>>>>

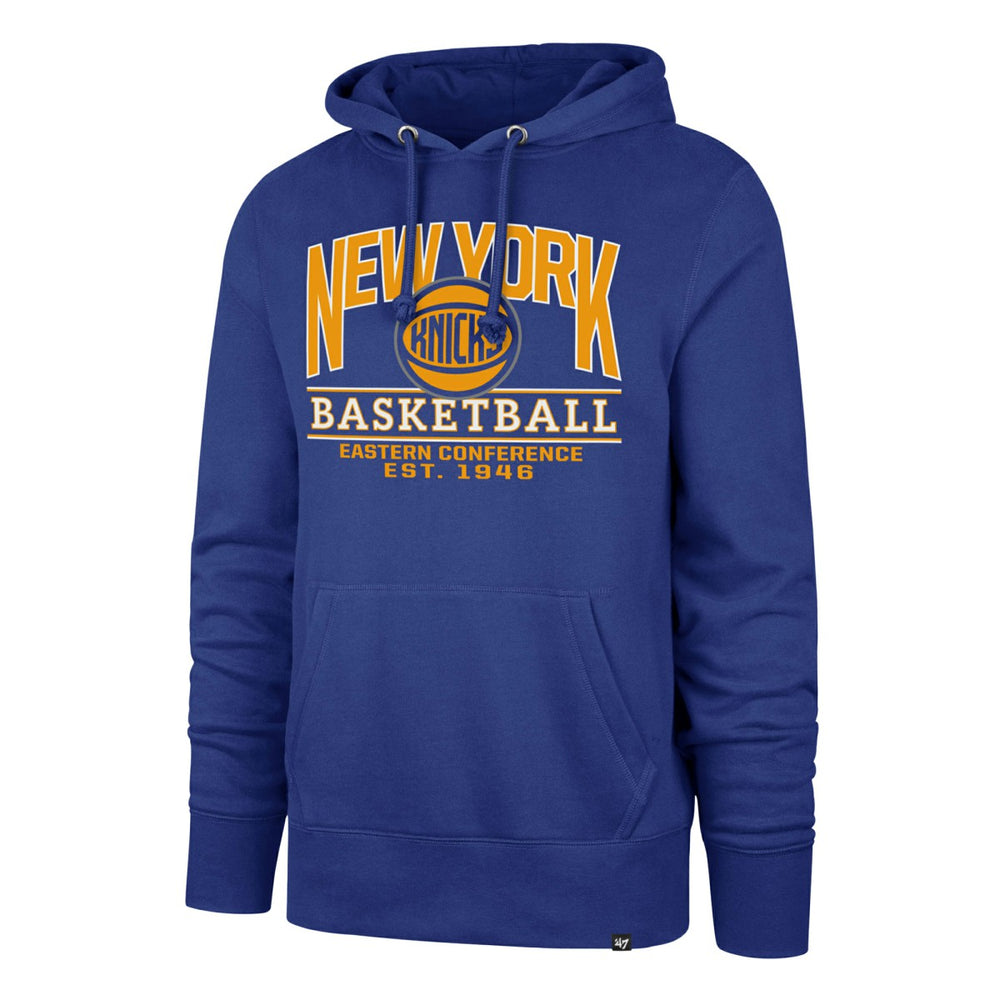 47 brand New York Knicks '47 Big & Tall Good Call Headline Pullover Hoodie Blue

<<<<
>>>>

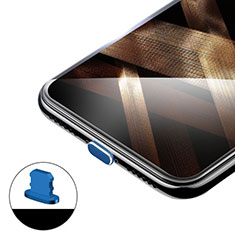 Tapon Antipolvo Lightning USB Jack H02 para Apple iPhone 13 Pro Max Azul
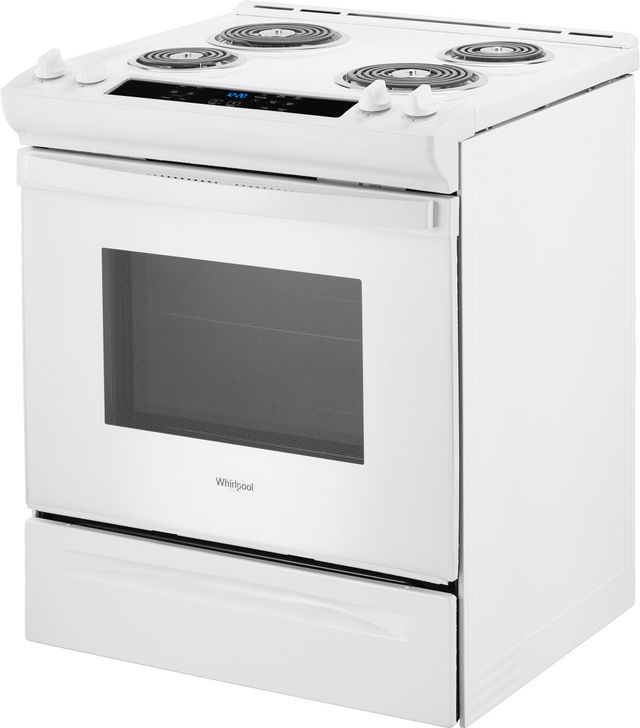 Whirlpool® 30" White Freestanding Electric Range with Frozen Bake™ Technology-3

<<<<

Task brief: Give again the stretch of the entries above that begins at the line with "Tapon Antipolvo Lightning" and ends at the line with "Frozen Bake™ Technology-3", word for word, with no pictures.

Answer:
 Tapon Antipolvo Lightning USB Jack H02 para Apple iPhone 13 Pro Max Azul
 Whirlpool® 30" White Freestanding Electric Range with Frozen Bake™ Technology-3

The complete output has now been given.